American marketing consultant and author Jay Baer is a keynote speaker at the FCSI The Americas 2016 Conference in Nashville. He tells Michael Jones about his new book, Hug Your Haters

Q What’s the secret to attracting more customers while keeping the ones you already have?
A It’s two sides of the same coin. If you work hard to keep your current customers, they’ll talk to their friends and some of them will become new customers. The old saying is that “advertising is a tax paid for being unremarkable”. I believe a better way to phrase it is “advertising is a tax paid when you don’t try hard enough to keep your current customers”.
Q Is foodservice different from other sectors in terms of the challenge of retaining and attracting customers?
A The biggest challenges for foodservice are volume of customer interactions and the financial impact of any one customer. In Hug Your Haters I quote a fast-food franchise operator who said, “I don’t really care about customer service. I just want to make food, and have them pay me for it.” When your average guest check is $8, it can be difficult to understand why you’d want to invest time and resources in proactive customer service.
Q Do the marketing principles you teach to Fortune 500 firms also apply to a smaller retailer or restaurant operator?
A They are fundamentally the same. The Hug Your Haters formula is to answer every customer complaint, in every channel, every time. The differences between large and smaller companies are simply the number
of complaints, software, and scale.
Q Should foodservice operators “hug their haters” too?
A No industry benefits more from hugging their haters than foodservice operators. The impact on customer advocacy when complaints are answered (especially online) is enormous – as much as 30% according to the proprietary research conducted for the book.
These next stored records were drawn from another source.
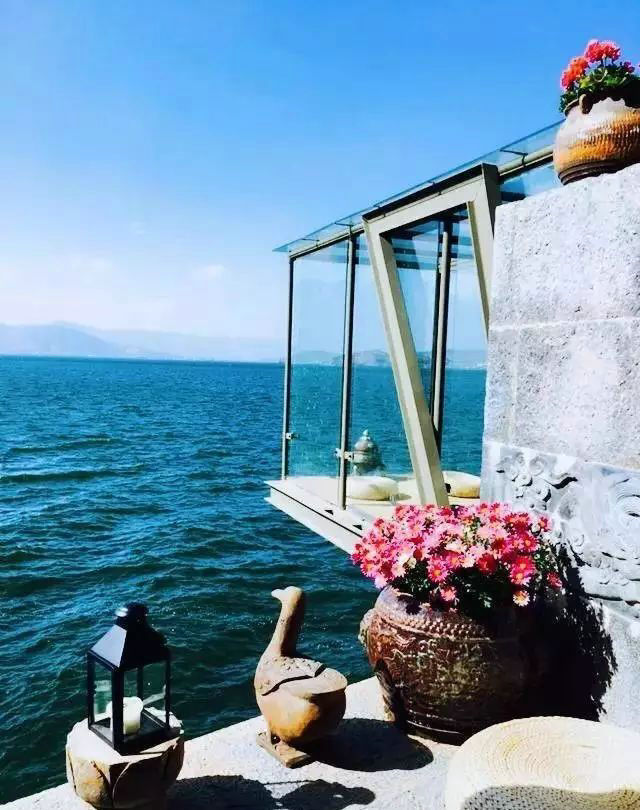 杨丽萍洱海月亮宫拆了吗,杨丽萍在洱海的别墅拆了吗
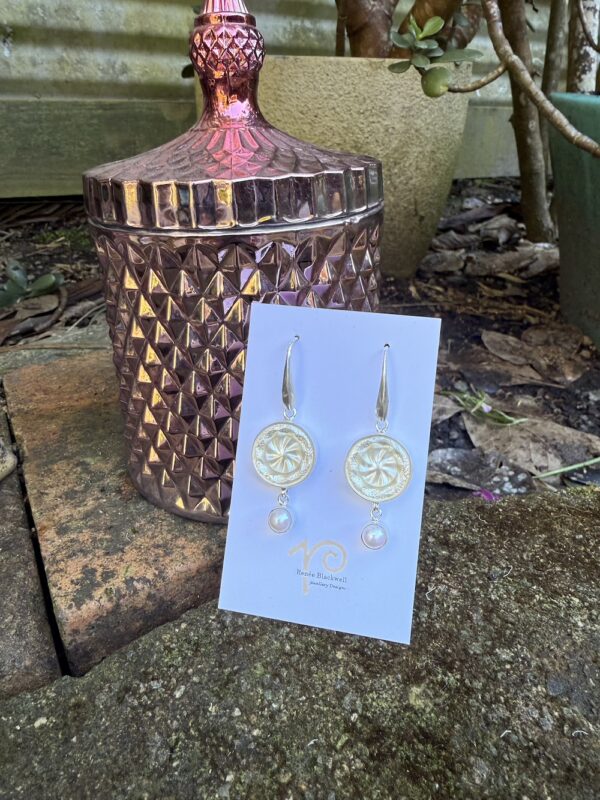 Beautiful! Classic 1960's Italian Button & Pearl Earrings      #IHB7 - Image 3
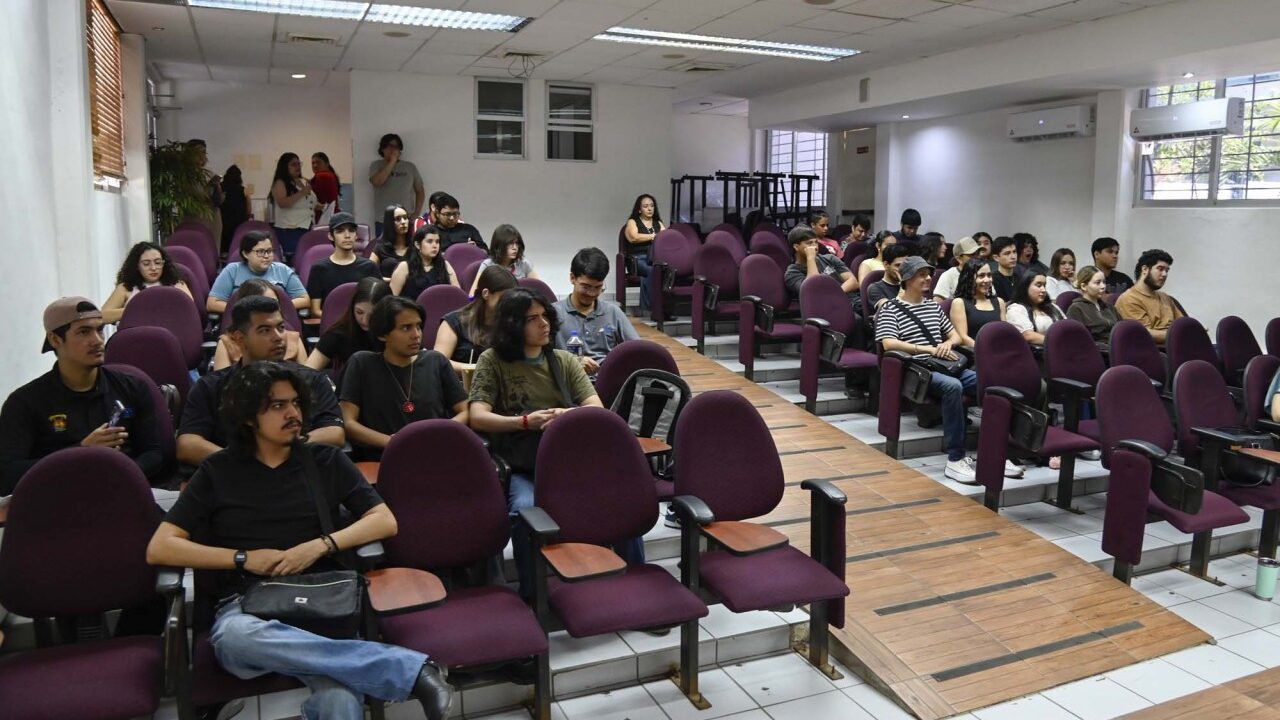 La Unidad Académica de Ciencias de la Comunicación fortalece la inserción laboral de sus futuros egresados a través del Programa de Inducción Laboral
Foodservice is so driven by word of mouth and online reviews, that not addressing customer feedback is a perilous decision.
Q Which foodservice companies really understand marketing and customer service?
A In Hug Your Haters I cite several great foodservice examples. Le Pain Quotidien seeks to get MORE complaints, not fewer, because they know that customer feedback is how you find your shortcomings. Fresh Brothers Pizza answers every online review, both positive and negative. Scotty’s Brewhouse answers every customer in every channel.
Q You’re the most retweeted person in the world by digital marketers. What’s the trick to getting more followers on Twitter?
A Be consistent, be pithy, and give more than you get.
Q As an avid tequila collector, what’s your top tip for a great tequila?
A I grew up in Arizona and went to college within an hour of the Mexican border, so tequila was omnipresent. Seek out an anejo, it’s nothing like the gasoline you did shots of as a reckless youth.